Fig:1 CDC Enabling at Database Level


SQL Code:-

use testdb;
exec sp_cdc_enable_db;


The same needs to be done at table level as well. So we need to create our table named "source" at testdb and enable cdc for the same. The below sql code displays the code for the same.

Fig:2 CDC Enabling at Table Level

SQL Code:-

create table source(id int primary key,
name varchar(255));

insert into source values (1,'Alex'),(2,'Kevin');

EXEC sys.sp_cdc_enable_table
@source_schema = N'dbo',         -- Replace with your schema
@source_name   = N'source',     -- Replace with your table name
@role_name     = NULL,           -- Or specify a DB role for access
@supports_net_changes = 1;       -- Set to 1 if you want net change support

select * from sys.tables

 Similarly we will create our destination table as well, please find the below code for the same.

SQL Code:-

create table destination(id int primary key,

name varchar(255));


 The following picture displays the overall data representation in source and destination tables, and for ease we have name our source and destination tables as "source" & "destination" respectively for ease.

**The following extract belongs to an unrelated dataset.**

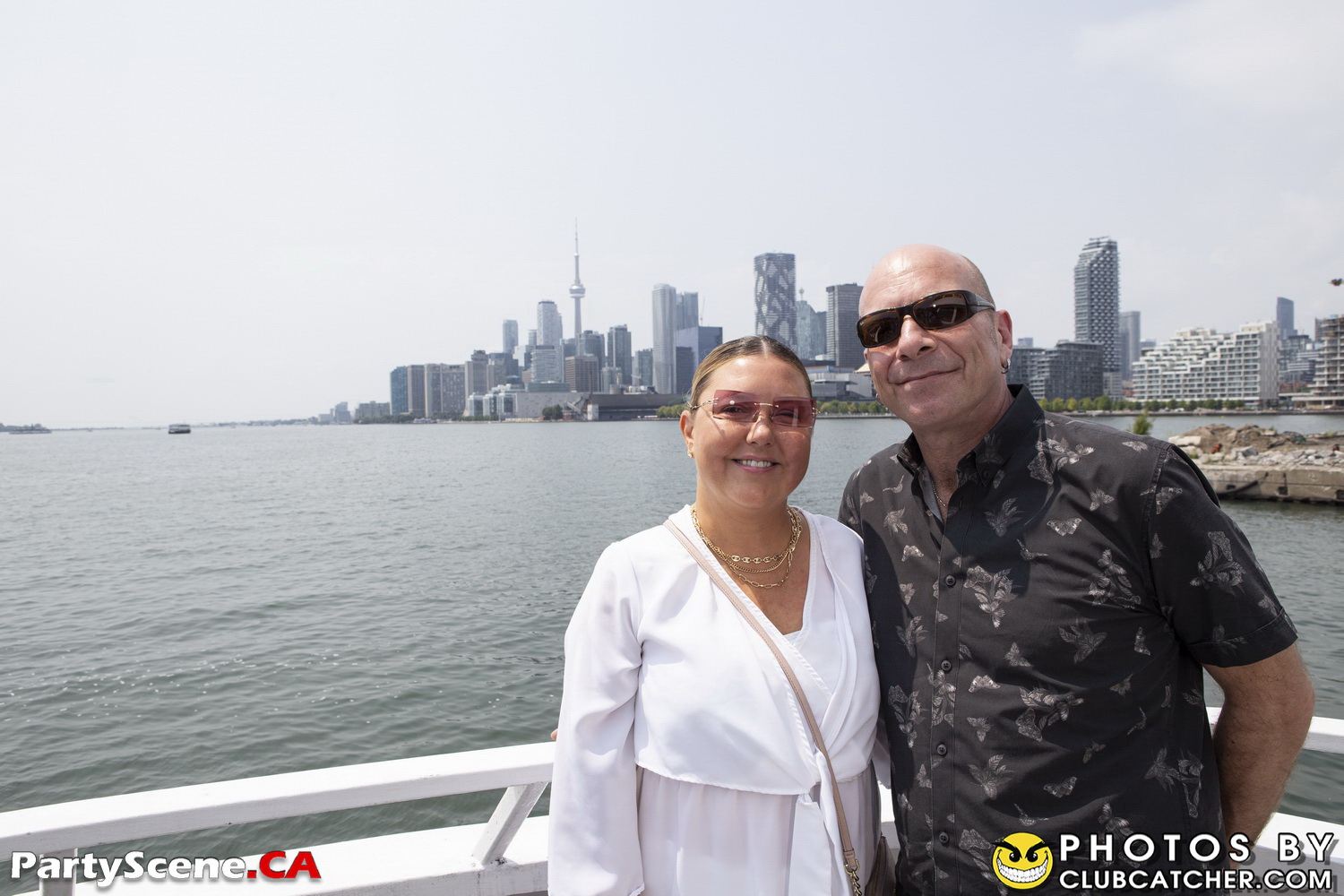 Empress Of Canada party venue photo 476 - July 16th, 2023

Fig:3 Table view of source & destination tables


Now we know that there are 2 records in source and 0 records in destination. One thing to note here is that in both the tables it is mandatory to have primary key columns as to keep the track of changes by cdc.


Now lets begin implementing CDC by creating object in ADF:-

Step-1: 

Create a linked service to connect to azure sql database. 

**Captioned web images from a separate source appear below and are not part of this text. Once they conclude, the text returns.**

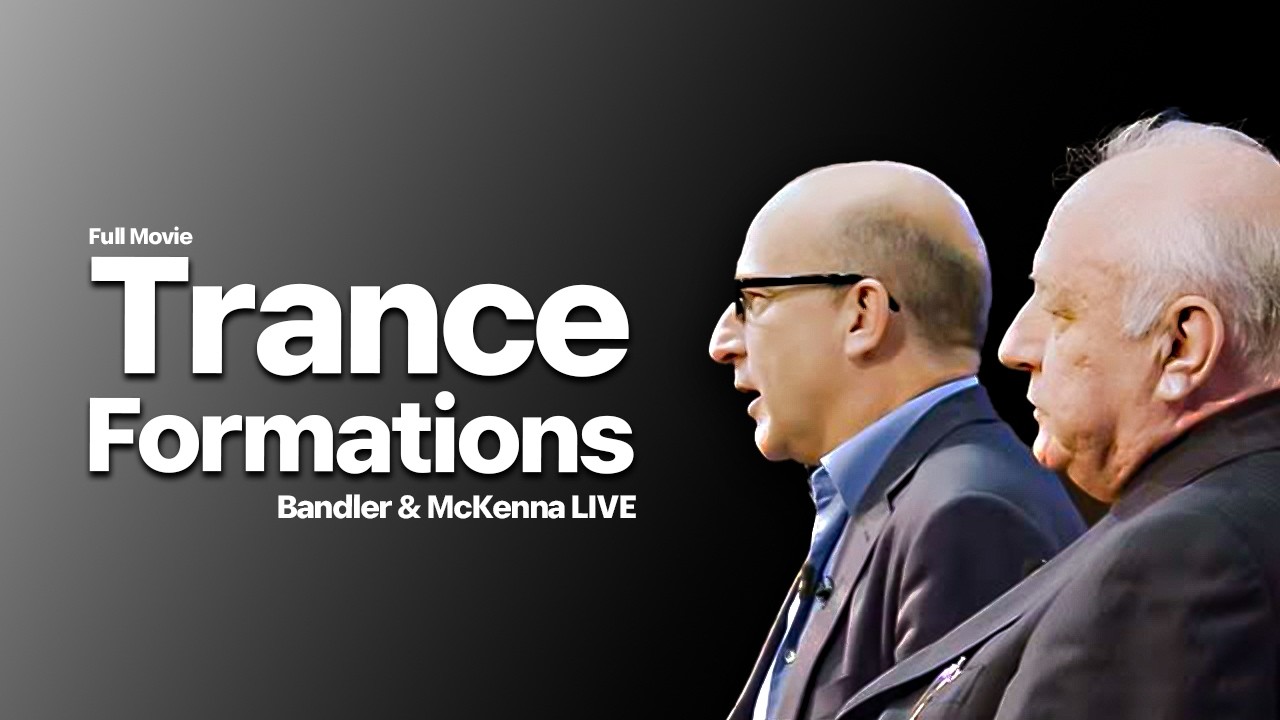 Trance Formations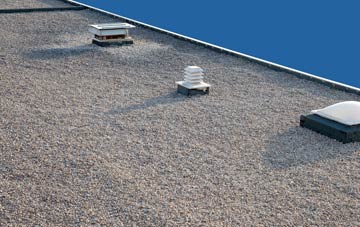 flat roofing Stainton By Langworth, Lincolnshire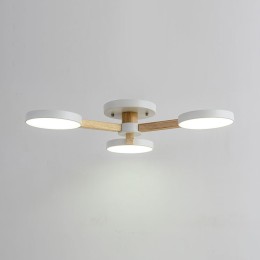 Потолочная люстра ImperiumLoft Turna 102157-26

Fig:4 Linked Service Configuration

Step-2:

After successful test connection, go back to the Author menu, and select create new CDC.


Fig:5 CDC Creation in ADF



Step-3

Upon clicking "New CDC," you will be prompted to enter the CDC name and database name. After entering these details, a list of tables with CDC enabled will be displayed. As noted in the code above, only the "source" table has CDC enabled in the Azure SQL database. Therefore, only the source table appears in the prompt below, as it is sufficient to complete the task.

Fig:6 CDC Source Configuration




Step-4: 

The next step is to configure the destination as it is presented in the below image.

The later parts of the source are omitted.